Your assignment:
Output a character-exact copy of the data, images removed.

Source information:
==*==

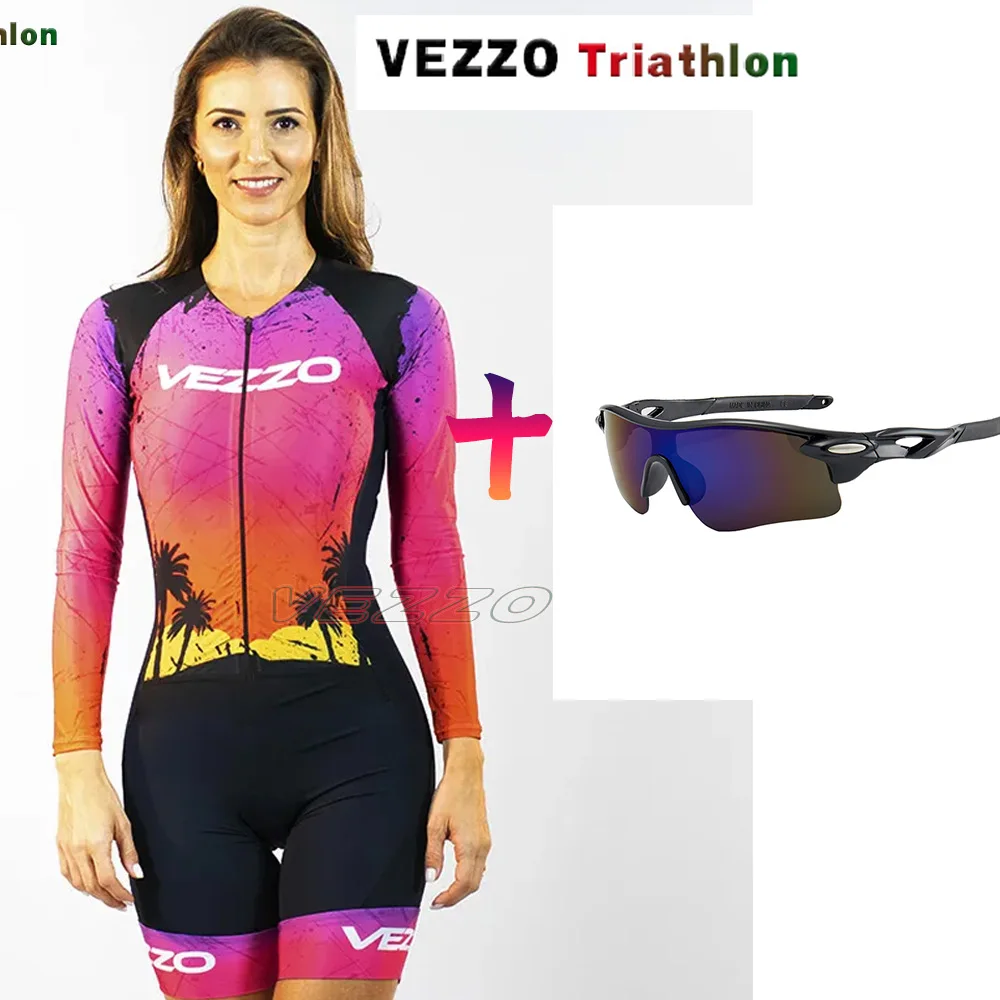 

VEZZO 2022 Newest Cycling Roupas Femininas Women Monkey Clothing Long Jumpsuit Female Cycling Summer Triathlon Team Set 9D Gel L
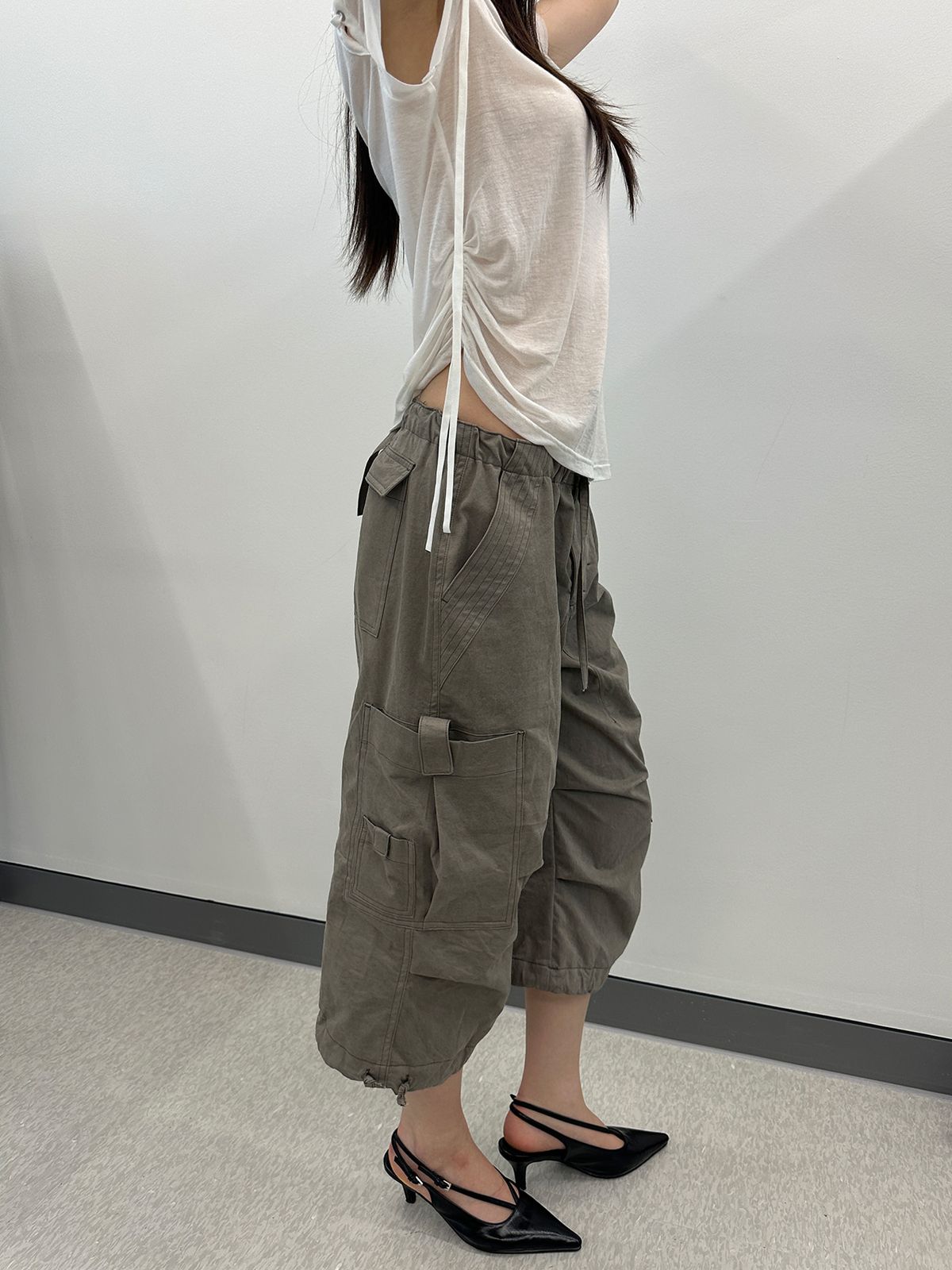 리게(RIGHE) CARGO HALF PANTS LIGHT BROWN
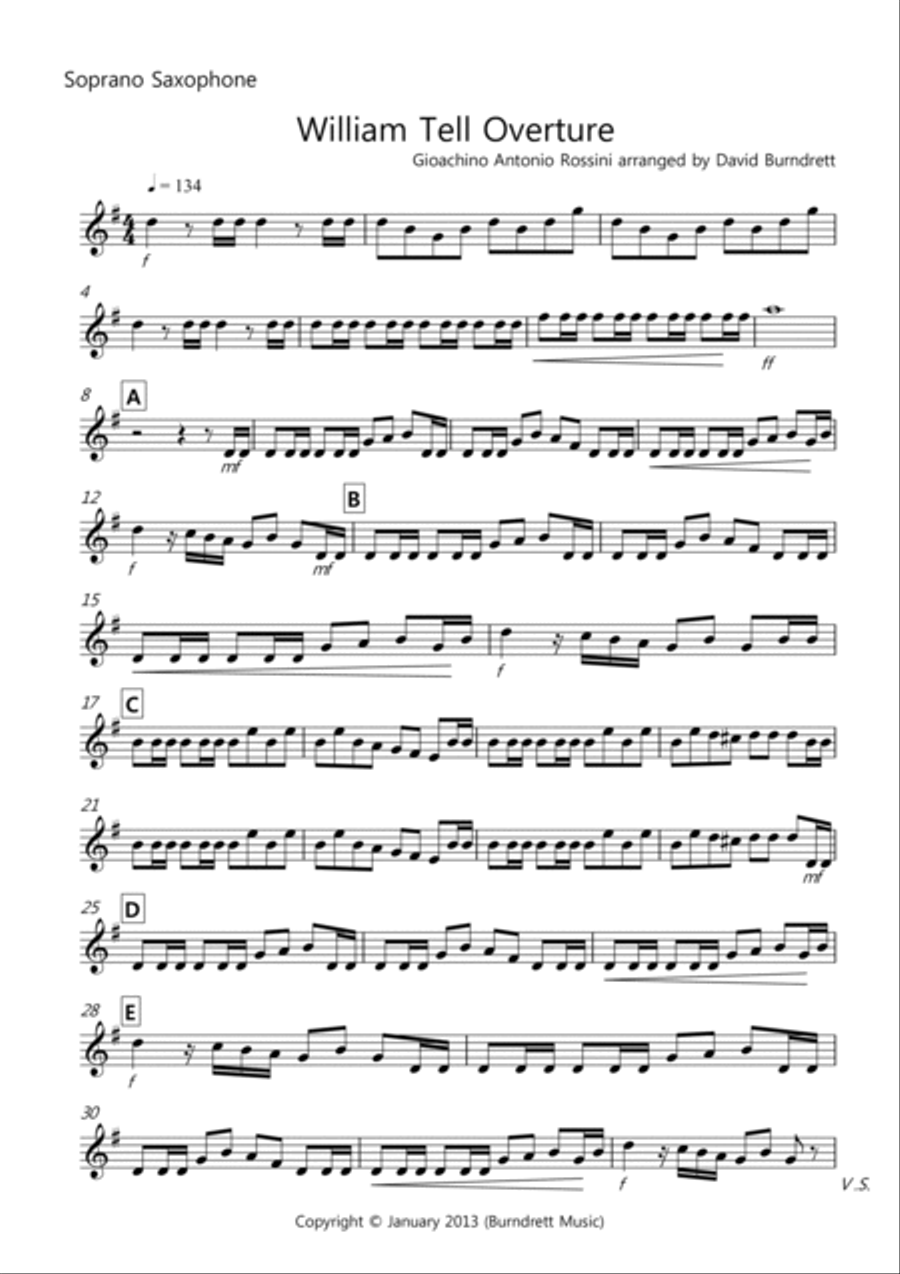 William Tell Overture for Saxophone Quartet Saxophone Quartet scores gallery preview page 5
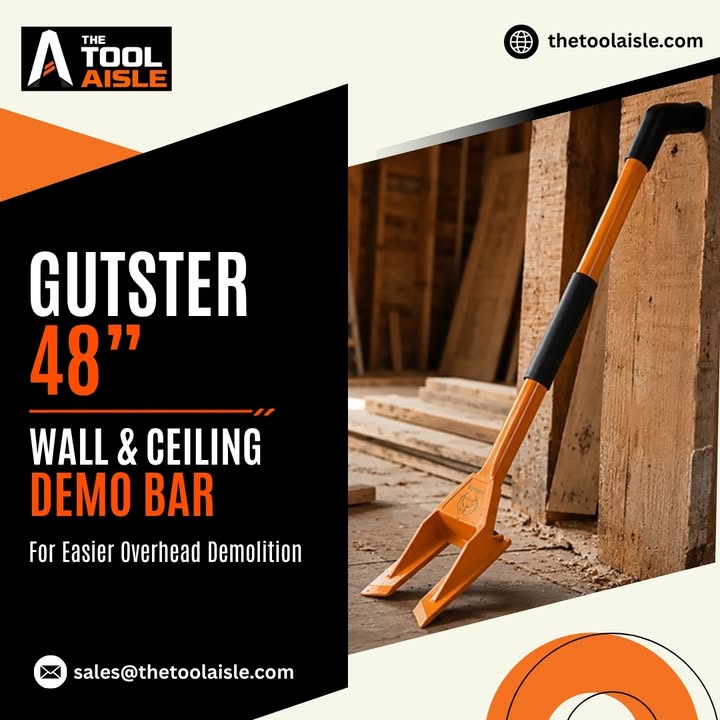 ToolAisle's tweet photo. Make overhead demolition easier with the Gutster 48" Wall &amp; Ceiling Demo Bar.
20% lighter + better leverage + built-in nail puller.

🛒 https://t.co/5juXlPkJf2

#DemolitionTools #ContractorTools https://t.co/QlEJGsqxjp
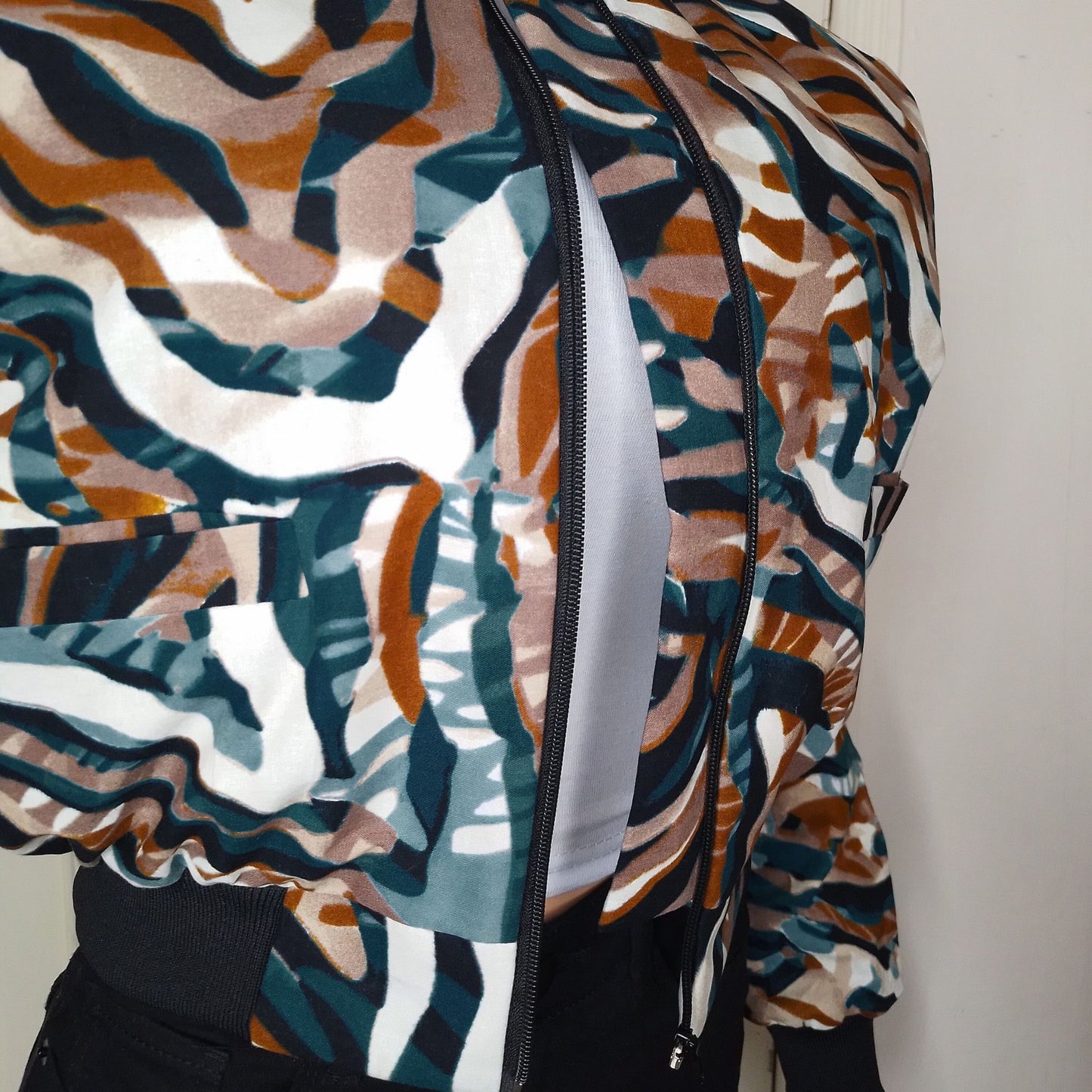Ankara Bomber Jacket-Abstract swirl print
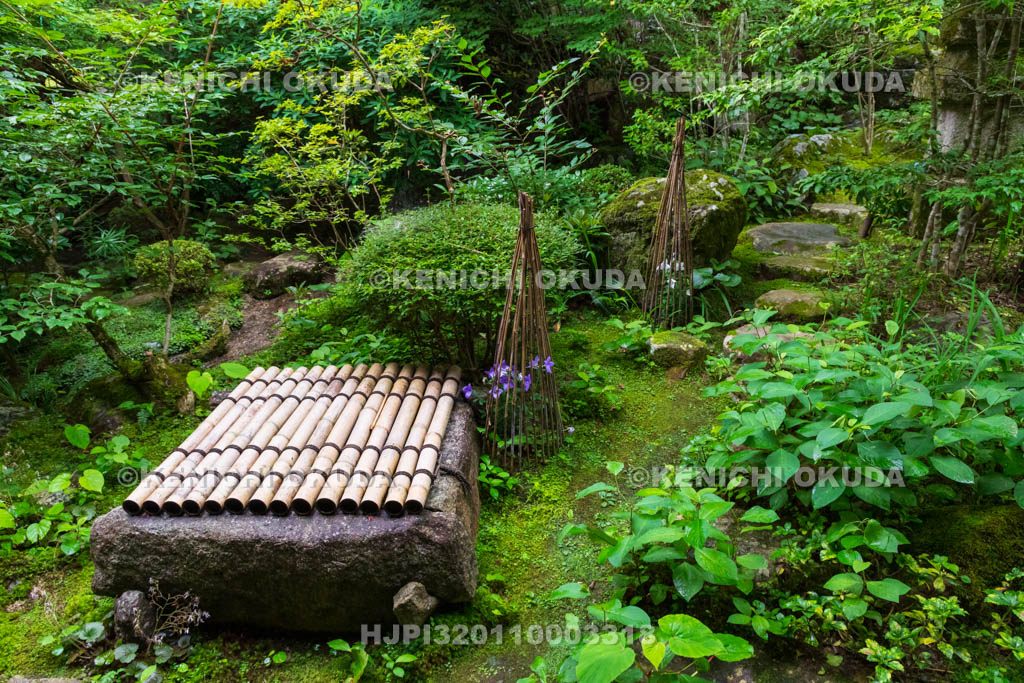 京都府　大原の里　宝泉院　庭園（囲炉裏の部屋前）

==*==

Answer area:
VEZZO 2022 Newest Cycling Roupas Femininas Women Monkey Clothing Long Jumpsuit Female Cycling Summer Triathlon Team Set 9D Gel L
 리게(RIGHE) CARGO HALF PANTS LIGHT BROWN
 William Tell Overture for Saxophone Quartet Saxophone Quartet scores gallery preview page 5
 ToolAisle's tweet photo. Make overhead demolition easier with the Gutster 48" Wall &amp; Ceiling Demo Bar.
20% lighter + better leverage + built-in nail puller.

🛒 https://t.co/5juXlPkJf2

#DemolitionTools #ContractorTools https://t.co/QlEJGsqxjp
Ankara Bomber Jacket-Abstract swirl print
 京都府　大原の里　宝泉院　庭園（囲炉裏の部屋前）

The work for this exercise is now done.